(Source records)
□ □ □ □

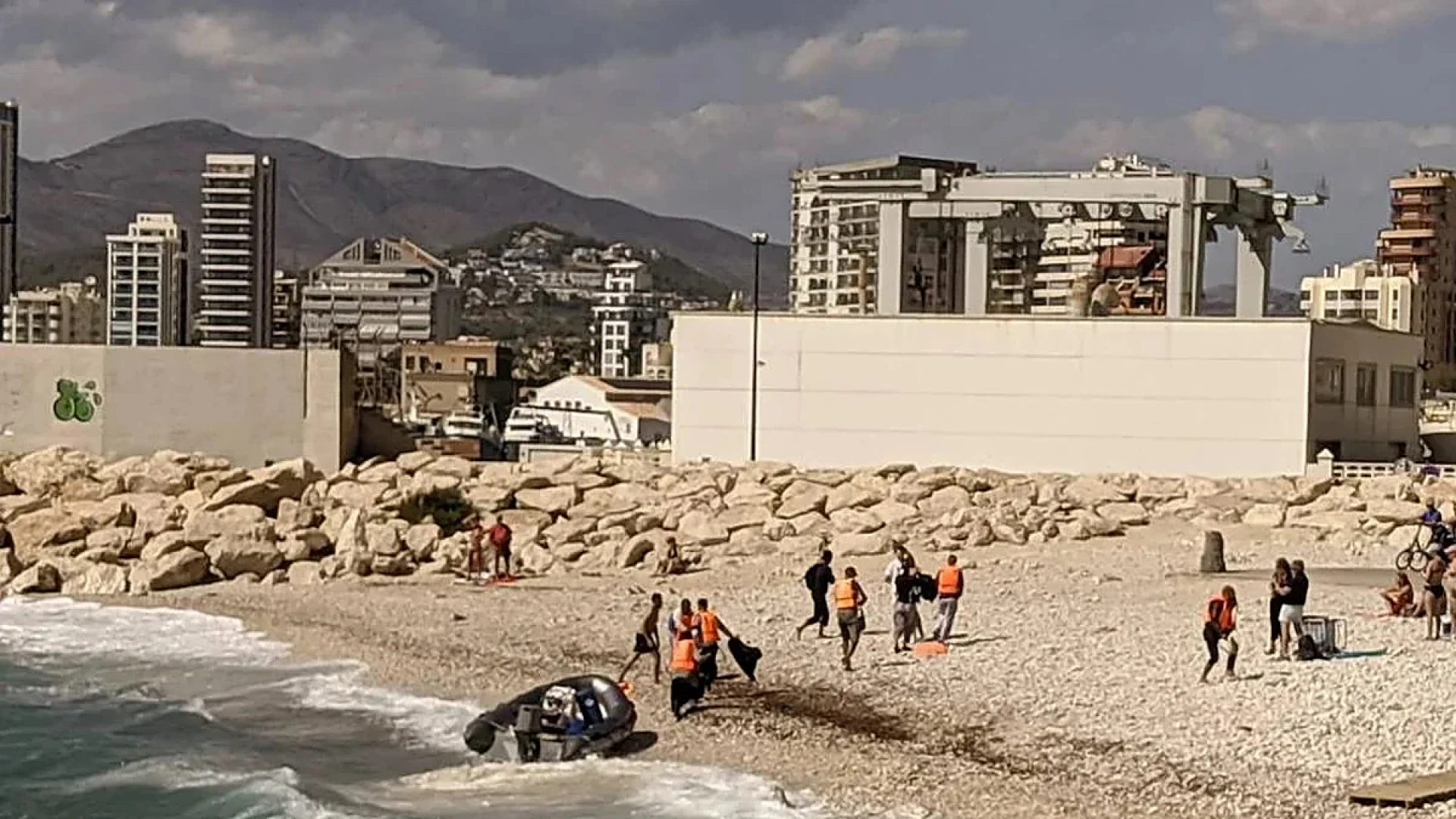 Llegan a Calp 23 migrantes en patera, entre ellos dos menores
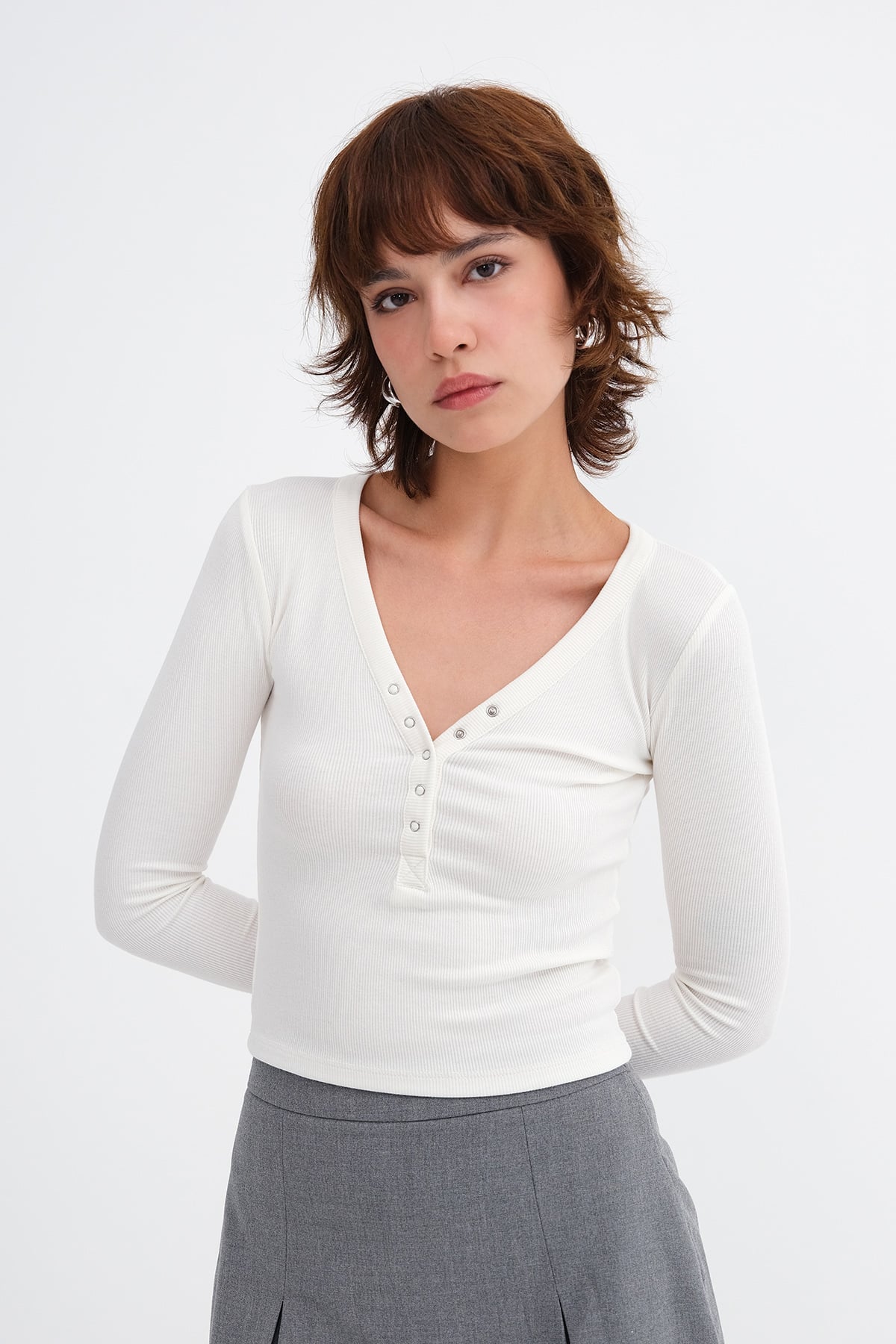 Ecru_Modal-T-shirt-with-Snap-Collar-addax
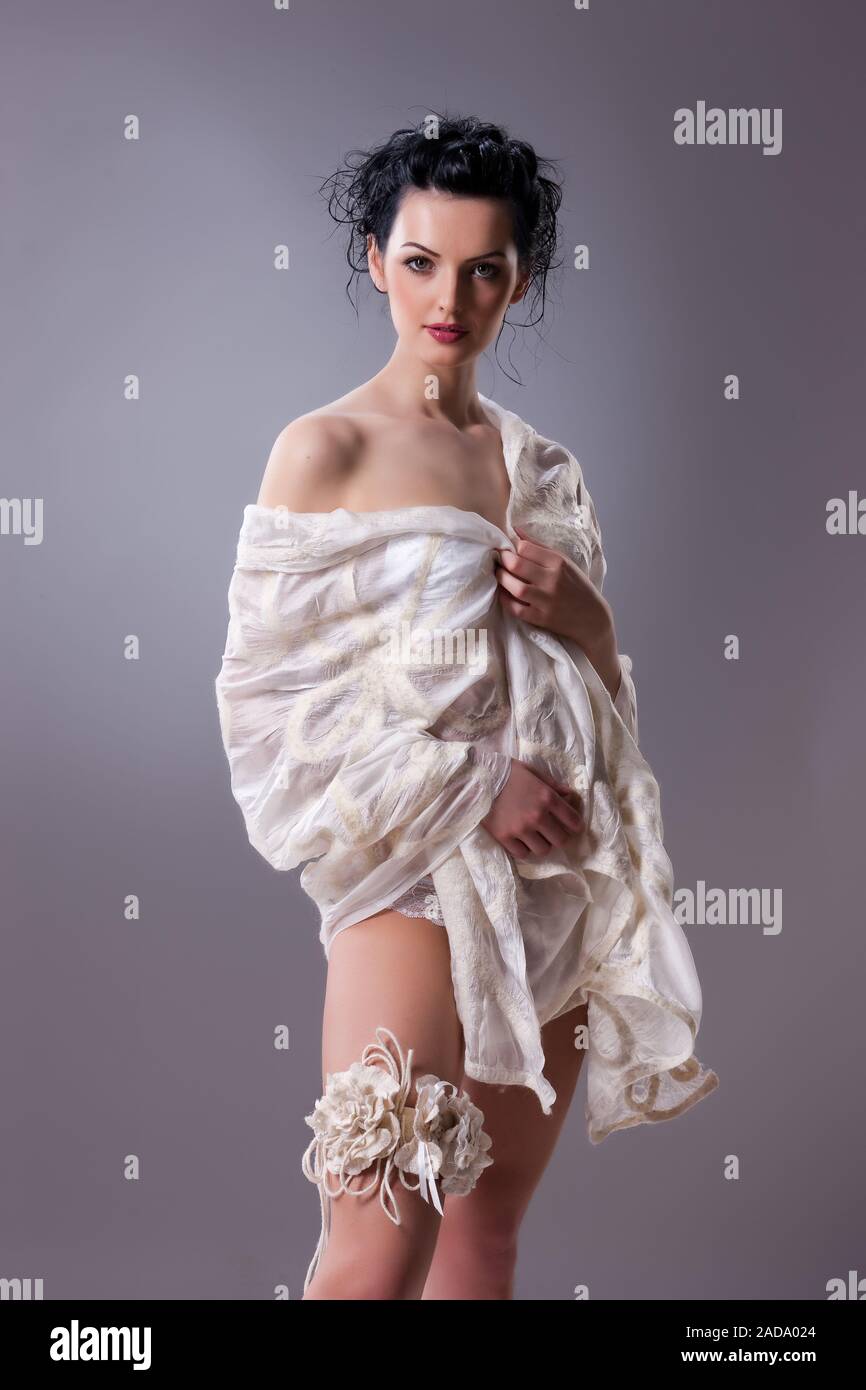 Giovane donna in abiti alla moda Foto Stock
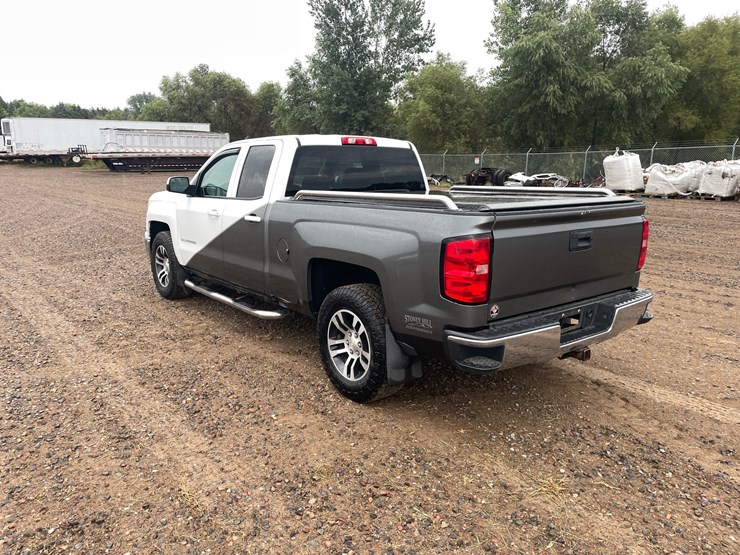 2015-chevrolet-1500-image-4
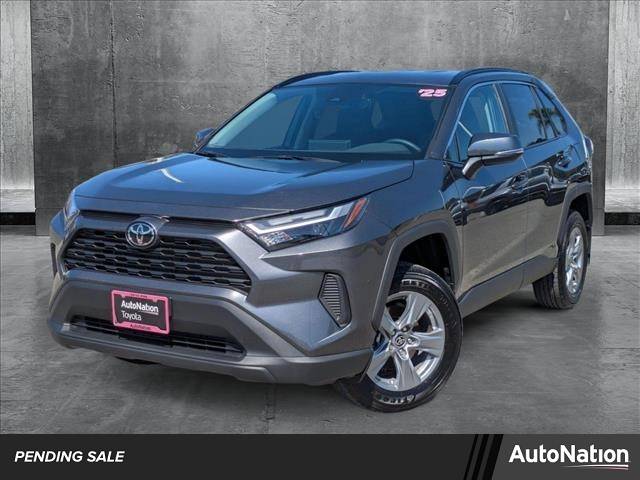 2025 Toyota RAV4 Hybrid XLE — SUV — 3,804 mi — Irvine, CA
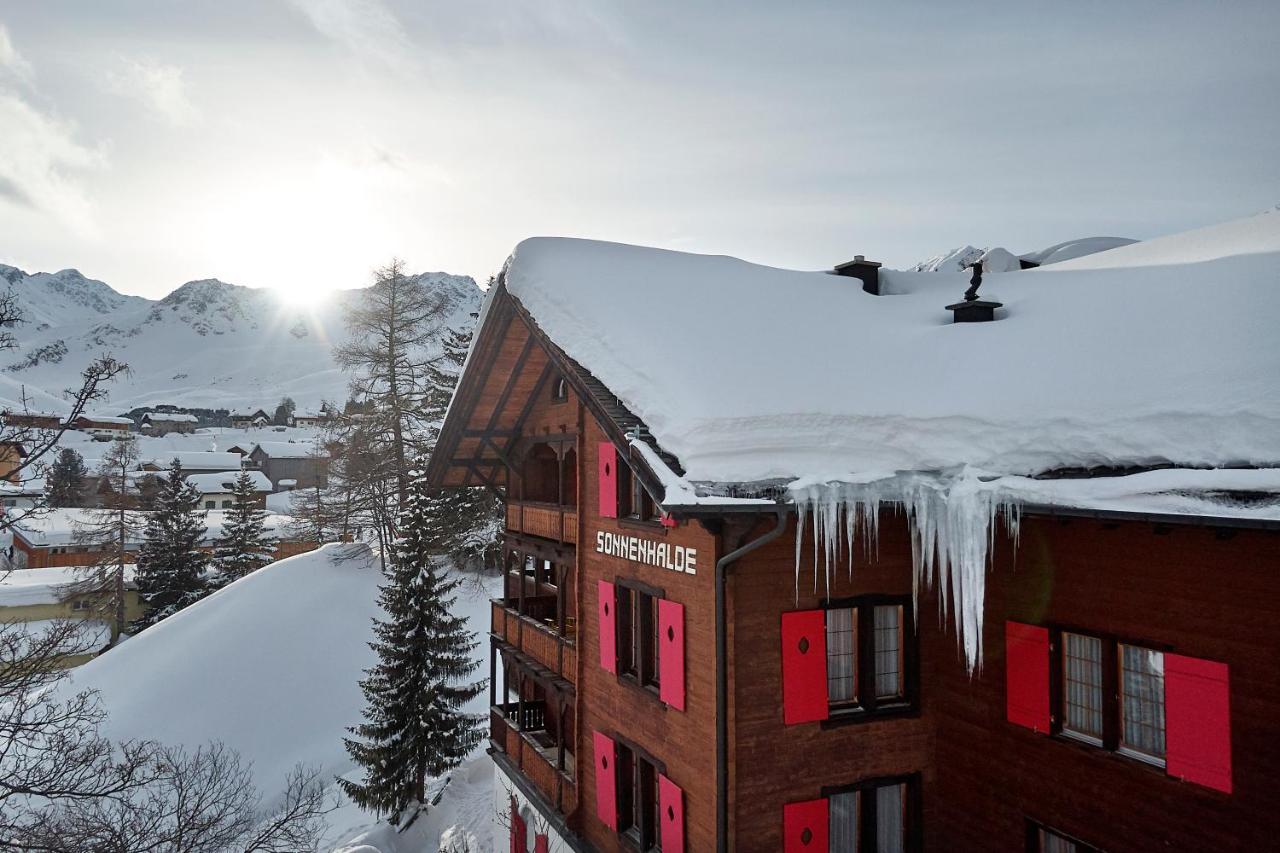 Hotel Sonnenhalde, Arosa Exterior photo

□ □ □ □

Find the line containing "2015-chevrolet-1500-image-4", then extract it and every line after it to the end of the data above, exactly and nothing else, without pictures.

Result of this exercise
 2015-chevrolet-1500-image-4
 2025 Toyota RAV4 Hybrid XLE — SUV — 3,804 mi — Irvine, CA
 Hotel Sonnenhalde, Arosa Exterior photo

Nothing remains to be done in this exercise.